Let me say that I’m disappointed in myself that an election some years ago got me so messed up that I can’t stand election coverage now. My spouse loves it. So I sat with him for hours last night, watching his favorite news channel. I honestly think that could traumatize anyone, no matter what your ideas about our polarized country are. It’s just nerve-wracking.

I awoke this morning feeling completely drained. I sure would have preferred to wake up, read a neutral summary of the results, have a sad moment, and move on. Instead, though, the first thing I read was this:
Hope cannot be defeated finally because it belongs not to the whims of fate but to the common life pulsing through our veins. Hope cannot be defeated finally by any present evil because hope is our heart’s commitment to the lives yet to be. Hope is not is the naive assurance we will reach our stated goal, only that we will find our noble path.
Jim Rigby
That put me into a better frame of mind. I began to see signs of hope and inspiration all around me. Our ranch reminded me that even though we just went through a bad drought, things are trying to come back. The plants just keep trying. Look at this new green grass! There was nothing there a few weeks ago, just dirt.

I need to shed what is confining me and move on, like my snake friends.
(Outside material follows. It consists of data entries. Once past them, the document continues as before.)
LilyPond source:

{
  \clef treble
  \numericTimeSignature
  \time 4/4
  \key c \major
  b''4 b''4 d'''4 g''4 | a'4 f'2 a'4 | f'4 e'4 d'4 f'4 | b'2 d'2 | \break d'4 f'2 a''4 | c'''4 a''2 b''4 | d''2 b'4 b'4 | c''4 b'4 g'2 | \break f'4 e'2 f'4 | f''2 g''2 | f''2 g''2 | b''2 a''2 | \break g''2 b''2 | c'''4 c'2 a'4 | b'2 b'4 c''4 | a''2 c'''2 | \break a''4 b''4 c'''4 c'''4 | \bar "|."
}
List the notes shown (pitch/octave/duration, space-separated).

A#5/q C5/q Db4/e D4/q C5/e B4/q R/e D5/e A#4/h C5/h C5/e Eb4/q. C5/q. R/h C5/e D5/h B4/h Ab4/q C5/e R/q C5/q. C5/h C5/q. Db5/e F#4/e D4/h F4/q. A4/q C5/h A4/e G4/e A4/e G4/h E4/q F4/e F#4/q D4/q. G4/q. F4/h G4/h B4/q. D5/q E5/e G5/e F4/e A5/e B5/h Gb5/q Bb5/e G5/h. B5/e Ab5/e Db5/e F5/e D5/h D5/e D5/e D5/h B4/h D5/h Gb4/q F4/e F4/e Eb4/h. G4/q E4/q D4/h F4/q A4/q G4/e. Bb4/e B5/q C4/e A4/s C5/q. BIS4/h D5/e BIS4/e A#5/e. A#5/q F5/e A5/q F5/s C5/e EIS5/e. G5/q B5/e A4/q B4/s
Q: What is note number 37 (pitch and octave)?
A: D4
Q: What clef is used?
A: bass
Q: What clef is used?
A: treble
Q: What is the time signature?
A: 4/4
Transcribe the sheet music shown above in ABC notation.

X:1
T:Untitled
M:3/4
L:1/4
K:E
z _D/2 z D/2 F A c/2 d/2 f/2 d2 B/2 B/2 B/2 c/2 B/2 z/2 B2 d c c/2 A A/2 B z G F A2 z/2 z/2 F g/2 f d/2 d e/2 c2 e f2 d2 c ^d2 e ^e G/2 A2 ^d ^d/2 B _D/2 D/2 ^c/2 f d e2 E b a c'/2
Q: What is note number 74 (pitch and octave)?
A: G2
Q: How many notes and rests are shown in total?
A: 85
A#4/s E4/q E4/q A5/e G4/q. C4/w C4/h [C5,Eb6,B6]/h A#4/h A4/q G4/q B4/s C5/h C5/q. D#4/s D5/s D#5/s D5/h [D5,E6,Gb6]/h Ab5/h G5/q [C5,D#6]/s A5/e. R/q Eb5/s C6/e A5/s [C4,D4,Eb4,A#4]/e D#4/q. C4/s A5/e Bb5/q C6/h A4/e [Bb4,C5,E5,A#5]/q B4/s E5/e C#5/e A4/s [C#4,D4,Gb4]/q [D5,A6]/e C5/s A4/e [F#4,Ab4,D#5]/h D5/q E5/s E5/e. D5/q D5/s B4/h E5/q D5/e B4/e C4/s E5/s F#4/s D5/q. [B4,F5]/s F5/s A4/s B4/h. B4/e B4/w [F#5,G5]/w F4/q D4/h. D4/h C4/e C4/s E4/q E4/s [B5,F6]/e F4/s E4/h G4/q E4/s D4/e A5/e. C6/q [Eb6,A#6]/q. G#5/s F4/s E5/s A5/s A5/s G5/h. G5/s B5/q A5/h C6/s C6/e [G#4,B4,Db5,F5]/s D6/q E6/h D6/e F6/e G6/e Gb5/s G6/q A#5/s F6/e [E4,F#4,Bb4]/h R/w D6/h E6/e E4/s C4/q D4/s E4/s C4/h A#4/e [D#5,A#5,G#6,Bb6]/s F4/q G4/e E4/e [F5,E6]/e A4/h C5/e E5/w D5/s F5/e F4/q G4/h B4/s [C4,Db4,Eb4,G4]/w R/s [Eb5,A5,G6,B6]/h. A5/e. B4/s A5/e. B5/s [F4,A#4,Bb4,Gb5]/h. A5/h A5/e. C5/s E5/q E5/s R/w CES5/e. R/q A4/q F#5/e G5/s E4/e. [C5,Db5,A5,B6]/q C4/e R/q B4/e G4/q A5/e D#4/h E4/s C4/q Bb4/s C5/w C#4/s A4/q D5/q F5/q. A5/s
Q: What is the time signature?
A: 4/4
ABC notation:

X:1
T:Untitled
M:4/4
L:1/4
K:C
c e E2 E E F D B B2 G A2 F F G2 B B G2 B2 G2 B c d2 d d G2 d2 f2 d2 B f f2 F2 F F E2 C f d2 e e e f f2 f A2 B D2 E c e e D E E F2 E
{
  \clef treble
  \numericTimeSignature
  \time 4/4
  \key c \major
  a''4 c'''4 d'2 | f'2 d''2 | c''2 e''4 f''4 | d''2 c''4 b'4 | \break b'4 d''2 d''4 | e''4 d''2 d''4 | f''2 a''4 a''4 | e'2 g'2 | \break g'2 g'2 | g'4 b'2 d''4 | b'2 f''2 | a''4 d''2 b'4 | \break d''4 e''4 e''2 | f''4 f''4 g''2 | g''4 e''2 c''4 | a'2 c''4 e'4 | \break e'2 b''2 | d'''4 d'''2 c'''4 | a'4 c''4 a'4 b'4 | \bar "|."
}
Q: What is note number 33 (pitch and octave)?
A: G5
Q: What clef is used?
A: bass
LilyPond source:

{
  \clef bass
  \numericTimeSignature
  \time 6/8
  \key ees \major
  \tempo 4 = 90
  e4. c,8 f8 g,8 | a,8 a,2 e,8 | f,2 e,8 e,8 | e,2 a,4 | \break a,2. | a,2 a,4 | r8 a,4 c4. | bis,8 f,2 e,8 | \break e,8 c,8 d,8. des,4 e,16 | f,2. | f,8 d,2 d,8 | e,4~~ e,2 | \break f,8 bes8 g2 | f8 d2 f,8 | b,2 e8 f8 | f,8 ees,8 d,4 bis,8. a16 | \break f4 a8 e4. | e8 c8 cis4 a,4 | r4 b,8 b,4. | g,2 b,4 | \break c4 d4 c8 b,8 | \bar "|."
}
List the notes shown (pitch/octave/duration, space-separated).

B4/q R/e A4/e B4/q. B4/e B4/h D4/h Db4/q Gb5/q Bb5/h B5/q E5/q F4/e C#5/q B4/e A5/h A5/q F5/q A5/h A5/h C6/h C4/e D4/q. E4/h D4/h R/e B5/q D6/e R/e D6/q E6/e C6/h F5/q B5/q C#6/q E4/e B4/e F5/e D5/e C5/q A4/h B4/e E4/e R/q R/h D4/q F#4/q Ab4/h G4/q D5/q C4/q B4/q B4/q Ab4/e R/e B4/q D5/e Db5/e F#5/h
I can’t change things, just get a new hopeful attitude.

One true inspiration for me is the asters I’ve been enjoying all autumn. They are blooming away and providing food for so many butterflies, moths, and tiny wasps. That’s even though they’ve been repeatedly mowed. They just started over and over and bloomed even harder.

And I spent a long time today watching the great egret patiently and persistently stalking the little fishies in the pond behind the house. Reaching your goals takes time and patience. And you may miss. A lot. It’s okay.

Jim’s right. Hope is necessary and part of the path that our highest and best selves strive to stay on. I’m still committed to my personal goals and morals. Nothing can stop that. I hope the same for all of you.

My totem is a snake. I have had several encounters with poisonous snakes in Africa. I have only respect now, no fear. They shed their skins until they die., that means they are always growing. I want to do that too. (mentally , spiritually and emotionally)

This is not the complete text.